– Лейла, дорогая, почему ты не сказала, что у нас будут гости? – строгим, слегка грубоватым голосом спросила она, осматривая девушку с ног до головы. – И почему ты в таком случае в пижаме? А ну-ка переоденься сейчас же! Ангелы небесные, какая стыдоба.
Лейла опустила голову, и Диего вдруг показалось, что он услышал вполне четкий стон. Судя по всему, такие сцены у них случаются по несколько раз на дню. Тем временем, женщина перевела взгляд на самого парня, и он моментально почувствовал, как его всего обдало жаром. Вынести укоряющий взгляд этих полуприкрытых глаз было очень сложно.
– Вот лучше бери пример с этого интеллигентного молодого человека, – произнесла она максимально поучающим тоном и вздернула вверх тонкий, как у пианистки, указательный палец. – Кстати, как вас зовут?
– Д-диего, – выпрямившись как по струнке и прокашлявшись, отрапортовал он. – Диего Карлос.
– Диего… – она пожевала губами, словно пробуя имя на вкус. – Диего, скажите, вы мексиканец?
– Нет, не совсем… У меня американское гражданство.
Он чувствовал себя ужасно неловко. Мало того, что допросы с пристрастием сами по себе были малоприятным явлением, так еще и вопросы про национальность вечно загоняли его в полный ступор. Однако женщина, видимо сполна удовлетворилась этим ответом, а потому сама поспешила закрыть тему и начать другую, более нейтральную.
– Что ж, Диего, тогда позвольте и мне представиться. Мэг Райан, мать Лейлы, которая даже одеться прилично при гостях не может, извините ее за это, – она снова собрала в своем взгляде всю свою строгость и обрушила ее на девушку.
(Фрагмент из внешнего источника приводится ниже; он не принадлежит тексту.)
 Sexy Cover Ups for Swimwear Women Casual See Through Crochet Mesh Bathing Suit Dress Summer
Та, наблюдавшая за всем со стороны, нахмурилась и, демонстративно отвернувшись, направилась к лестнице, специально громко топая ногами. Мэг же, заведя руки за спину, проводила ее взглядом, не сказав ни слова.
– Пока Лейла занята, пройдемте в зал. Мы как раз собирались ужинать, и вы можете присоединиться к нам и подождать ее там.
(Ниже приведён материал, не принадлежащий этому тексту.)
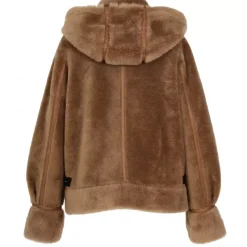 OAKWOOD Blousons^Tresor Cognac - Manteau Court Reversible Effet Mouton Retourne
Диего ничего не оставалось, как улыбнуться, кивнуть и проследовать следом за этой непрошибаемой леди. Он не уставал с каждой секундой все больше поражаться, как сильно они с Лейлой отличались характерами. Да и внешностью, впрочем, тоже, ибо схожи они были только цветом волос. Дочь была человеком-эмоцией, живущая моментом, здесь и сейчас, и иногда, похоже, что не особенно задумывалась о результатах и последствиях; мать же была консерваторшей, типичным представителем человека прошлого века, с незыблемыми устоями, традициями и ригидным взглядом на жизнь. Тут приходило на ум лишь одно слово – система. Устоявшаяся система, не подвергающаяся сомнению. Надо сказать, Диего всегда поражался таким людям, которые могут грамотно взвесить все «за» и «против», хладнокровно действовать несмотря ни на что и умеют отключать свои эмоции, словно по щелчку пальцев, даже когда речь идет об их родственниках.
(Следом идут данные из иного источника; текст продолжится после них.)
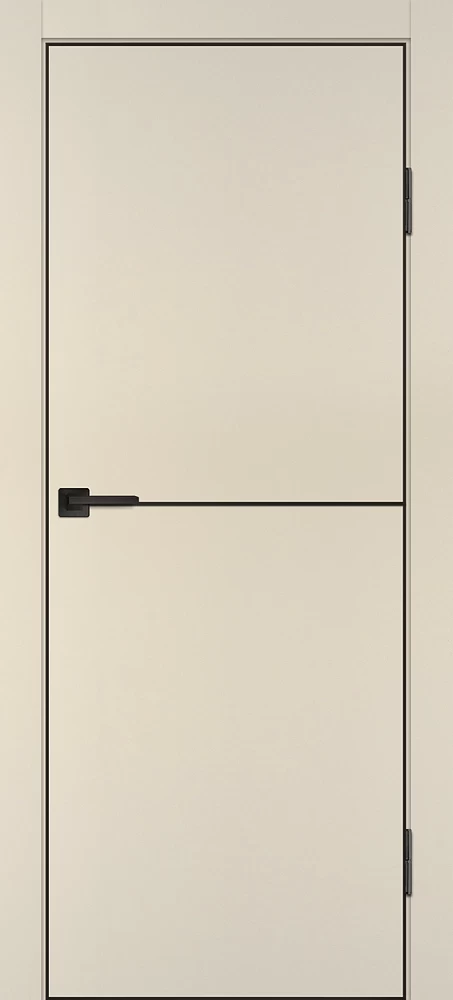 Фото Межкомнатная дверь P-19  черный молдинг PET,  кромка ABS черная c 4-х ст. Бежевый матовый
Оказавшись в просторном зале, Диего не смог не сдержать восторга. Дом снаружи, хоть и казался, простым и в чем-то даже неказистым, внутри оказался похож на дворец. Ламинат на полу был уложен в причудливые фигуры и сверкал, как если бы по нему вообще никто не ходил, на окнах висели тяжелые бархатные портьеры, похожие на кулисы в театре, посередине потолка красовалась хрустальная люстра. Стены украшали картины в рамах, и, когда парень остановился перед одной из них, чтобы рассмотреть ее получше, Мэг спросила:
– О, вам нравятся наши картины?
– Безумно, – честно признался Диего, вглядываясь в каждую деталь.
– В таком случае, вам стоит сказать об этом лично Лейле, – Мэг дежурно улыбнулась. – Я думаю, ей будет приятно, ведь это ее работы.
Парень опешил. Нет, он, конечно, подозревал, что она должна хорошо рисовать, но чтобы настолько.
– Обязательно скажу, – оторвавшись наконец от картин, заверил он Мэг. – Ваша дочь гений, а ее картины удивительны.
– Вы правы, она определенно показывает неплохие результаты, но вы делаете слишком громкие заявления.
– Ах, Мэгги, ты вечно ее недооцениваешь, – донеслось вдруг откуда сбоку, и Диего, развернувшись, увидел сидящего в кресле-качалке мужчину. Он, закинув ногу на ногу, деловито прикуривал трубку и листал новый номер Вестника. Лицо у мужчины было круглым и добрым, глаза его словно улыбались, а сам он постоянно отбивал по подлокотнику ритм какой-то несуществующей мелодии. – Нам надо быть к ней более снисходительными. Это ее жизнь, она хочет рисовать, и не стоит давить на нее.